In full satisfaction of a three-count indictment, defendant pleaded guilty to the crime of robbery in the second degree.   As part of the negotiated plea agreement, defendant waived her right to appeal and was sentenced to a term of imprisonment of four years, to be followed by five years of postrelease supervision.   Defendant now appeals.

 We affirm.   Defendant's contention that her plea was not voluntarily made, which survives her waiver of the right to appeal, is not preserved for our review in light of her failure to move to withdraw her plea or vacate the judgment of conviction (see People v. Brennan, 62 A.D.3d 1167, 1168, 879 N.Y.S.2d 620 [2009], lv. denied 13 N.Y.3d 794, 887 N.Y.S.2d 544, 916 N.E.2d 439 [2009];  People v. Grant, 60 A.D.3d 1202, 1202, 875 N.Y.S.2d 347 [2009] ).   Furthermore, the narrow exception to the preservation rule is inapplicable here as defendant did not make any statements during allocution that cast doubt on her guilt or tended to negate a material element of the crime (see People v.
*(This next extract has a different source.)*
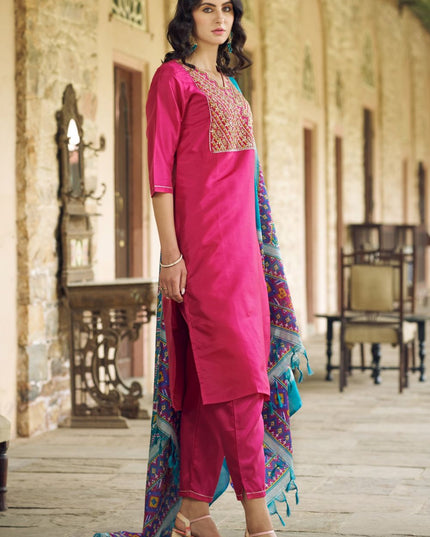 Fashion Dream WOMEN PINK Silk Blend Designer Readymade Suit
Dixon, 62 A.D.3d 1214, 1214, 879 N.Y.S.2d 631 [2009], lv. denied 13 N.Y.3d 743, 886 N.Y.S.2d 97, 914 N.E.2d 1015 [2009];  People v. Cintron, 62 A.D.3d 1157, 1158, 881 N.Y.S.2d 183 [2009], lv. denied 13 N.Y.3d 742, 886 N.Y.S.2d 96, 914 N.E.2d 1014 [2009] ).   In any event, defendant's contention that she was rushed into pleading guilty is belied by the transcript of the plea allocution, which demonstrates that she entered her plea voluntarily, knowingly and intelligently.
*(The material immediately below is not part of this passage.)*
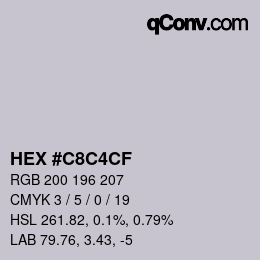 Color code: HEX #C8C4CF | qconv.com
 Defendant's assertion that she was denied the effective assistance of counsel is precluded by her waiver of the right to appeal, except insofar as it relates to the voluntariness of her plea, and, to that extent, her failure to move to withdraw her plea or vacate her judgment of conviction renders that matter unpreserved for our review as well (see People v. Dobrouch, 59 A.D.3d 781, 781, 873 N.Y.S.2d 759 [2009], lv. denied 12 N.Y.3d 853, 881 N.Y.S.2d 664, 909 N.E.2d 587 [2009];  People v. Jeske, 55 A.D.3d 1057, 1058, 865 N.Y.S.2d 750 [2008], lv. denied 11 N.Y.3d 898, 873 N.Y.S.2d 274, 901 N.E.2d 768 [2008] ).   In any event, defendant's claims that counsel pressured her into pleading guilty and failed to make pretrial motions on her behalf or investigate possible defenses to the charges involve matters outside of the record and are more properly the subject of a CPL article 440 motion (see People v. Gorrell, 63 A.D.3d 1381, 1381, 882 N.Y.S.2d 324 [2009], lv. denied 13 N.Y.3d 744, 886 N.Y.S.2d 98, 914 N.E.2d 1016 [2009];  People v. Buskey, 62 A.D.3d 1164, 1165, 880 N.Y.S.2d 716 [2009] ).   Moreover, given the favorable plea agreement negotiated by counsel and her acknowledgment during the colloquy that she was satisfied with counsel's representation, we conclude that defendant received meaningful representation (see People v. Golgoski, 43 A.D.3d 551, 553, 840 N.Y.S.2d 254 [2007] ).   Finally, defendant's waiver of her right to appeal precludes her claim that her sentence was harsh and excessive (see People v. Walley, 63 A.D.3d 1284, 1286, 881 N.Y.S.2d 203 [2009] ).

ORDERED that the judgment is affirmed.


CARDONA, P.J., KANE, STEIN and GARRY, JJ., concur.